Rabhansl: Wenn ich Ihr sehr pointiertes Buch lese, dann lerne ich, da steht nicht nur die Regierung ohne Volk da, weil sie es irgendwo zwischen all dem pragmatischen, alternativlosen Regieren verloren hat, es ist vor allem die Bundeskanzlerin, an der Sie sich abarbeiten. "Angela Merkel und die drei Todsünden der Demokratie" heißt gleich eins der ersten Kapitel, und eine dieser Todsünden, das ist: Angela Merkel habe die Demokratie geschwächt, um realpolitisch voranzukommen. Wie das denn?
Weidenfeld: Na ja, wenn man auf die zwölf Jahre Angela Merkel guckt, die wir ja jetzt hinter uns haben, dann sieht man, dass es eben zunehmend im Laufe dieser Regierungszeit immer öfter dazu gekommen ist, dass die Bundesregierung etwas beschlossen hat – in der Eurokrise, im Atomausstieg oder zum Schluss eben auch in der Flüchtlingskrise –, ohne dass sie das Parlament gefragt hat, oder das Parlament wurde hinterher erst gefragt, und das Parlament ist ja der Vertreter des Souveräns, der Bevölkerung, der Bürger, und wenn man eben nicht mehr gefragt wird, weil die Exekutive durchregiert, dann wird die Demokratie geschwächt.
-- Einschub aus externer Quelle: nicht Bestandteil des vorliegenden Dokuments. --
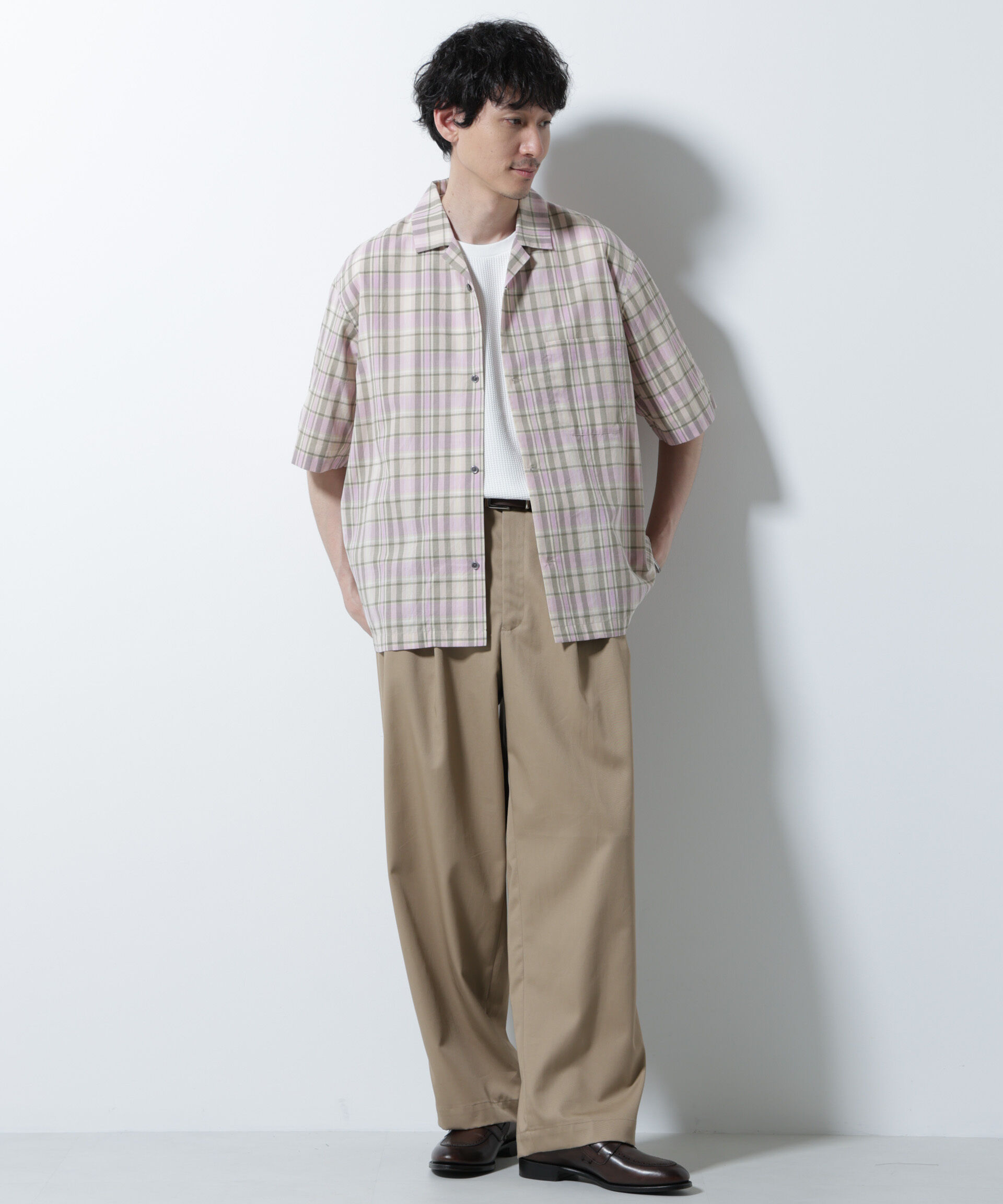 nano･universe「Fabric by INDIA オールドライクマドラスチェックシャツ 半袖」|シャツ・ブラウス|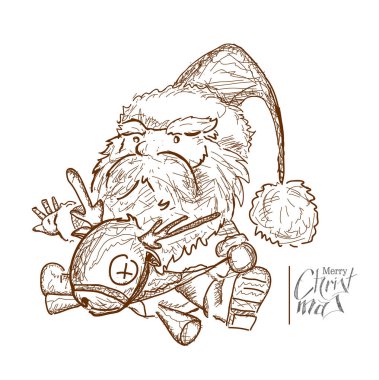 Mutlu Noeller! Noel arka plan geyik ve Noel partisi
"Es ist unkomplizierter, wenn man Parlamentarier nicht befragen muss"

Rabhansl: Das hat Angela Merkel mal in das fürchterliche Wort der marktkonformen Demokratie gefasst, diese Methode, und da schreiben Sie – das ist der Vorwurf: "Zuerst war es nötig, dann war es unkompliziert."
Weidenfeld: Na ja, es ist eben einfach viel unkomplizierter, wenn man eben die Parlamentarier nicht befragen muss, und wenn sich die Parlamentarier – das ist ja die zweite These des Buches –, wenn der Parlamentarier sich ja auch gerne damit abfindet, dass er nicht mehr selber entscheiden soll, dass er nicht mehr selber Gesetzentwürfe machen muss, dass er nicht mehr selber politisch tatsächlich aktiv sein soll.
Dann hat man von beiden Seiten eine tatsächliche Schwächung der Demokratie, weil es eben so unkompliziert und so bequem ist, und es ist ja auch erfolgreich. Das ist ja das Tückische daran. Die Eurokrise hat Deutschland super bewältigt, der Atomausstieg ist eben mit einem sehr breiten Konsens dann gemacht worden, und in der Flüchtlingskrise ist es dann zerbrochen. Da ist dann sehr polarisiert diskutiert worden. Aber letztlich war es erfolgreiche Politik, die aber der Demokratie geschadet hat, die das politische System korrumpiert hat.
Rabhansl: Ich habe mich beim Lesen gefragt, ob nicht Angela Merkel diese Methode lediglich etwas subtiler anwendet als ihr Vorgänger, der mit seiner Basta-Politik zwar viel mehr krakeelt hat, aber es doch eigentlich relativ ähnlich gemacht hat.
Weidenfeld: Ja, man muss, glaube ich, schon fairerweise anerkennen, dass jede Regierung einen solchen exekutiven Moment hat. Also wenn man die Agenda 2010 von Gerhard Schröder anguckt oder die Ostpolitik von Willy Brandt, die Westbindung von Konrad Adenauer, dann hat man das immer, dass eben Bundeskanzler gesagt haben, da geht es lang, und jetzt folgen mir alle.
Aber bei Angela Merkel hat es etwas anderes, weil sie es nicht mit konkreten Inhalten verbindet, sondern das ist ein Regierungsprinzip. Man sagt eben, wir müssen schnell sein, wir müssen schnell entscheiden, wir müssen vielleicht auch so historische Fenster nutzen, die wir jetzt gerade haben. Also den Atomausstieg, den gab es eben nur nach Fukushima, und vermutlich hätte es ihn sechs Monate später nicht mehr gegeben.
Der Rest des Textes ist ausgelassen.